◆ THE TASK ◆
Pick out the lines below that contain the string "button" and copy them all.
START RECORDS SHOWN
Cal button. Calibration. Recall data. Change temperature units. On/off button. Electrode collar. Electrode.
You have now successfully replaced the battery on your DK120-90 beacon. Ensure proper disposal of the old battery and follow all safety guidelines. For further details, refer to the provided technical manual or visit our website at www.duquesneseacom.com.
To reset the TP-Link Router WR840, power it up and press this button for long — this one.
END RECORDS SHOWN
START RECORDS SHOWN
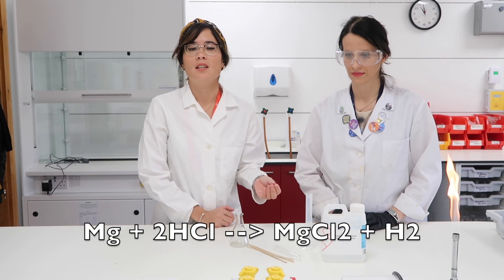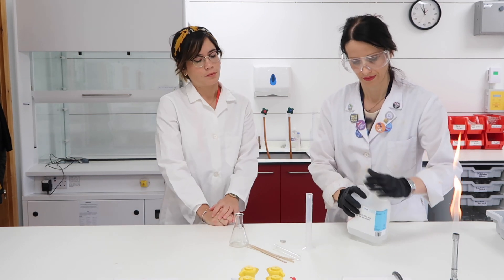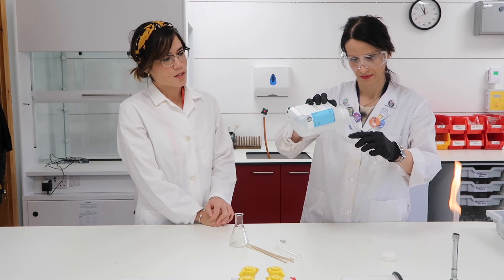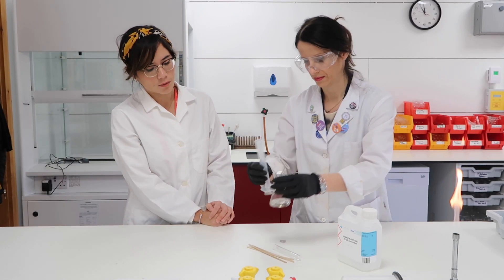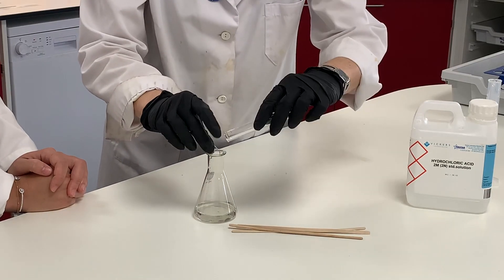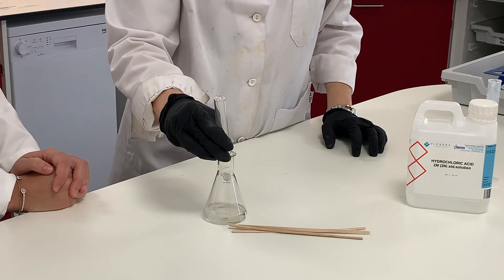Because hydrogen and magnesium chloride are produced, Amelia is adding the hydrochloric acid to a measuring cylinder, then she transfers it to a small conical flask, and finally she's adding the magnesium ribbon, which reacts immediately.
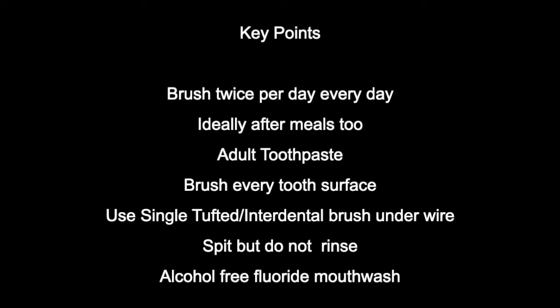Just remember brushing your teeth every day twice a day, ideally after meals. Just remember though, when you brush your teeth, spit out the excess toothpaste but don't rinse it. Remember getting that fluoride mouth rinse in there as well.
END RECORDS SHOWN
◆ OUTPUT ◆
Cal button. Calibration. Recall data. Change temperature units. On/off button. Electrode collar. Electrode.
To reset the TP-Link Router WR840, power it up and press this button for long — this one.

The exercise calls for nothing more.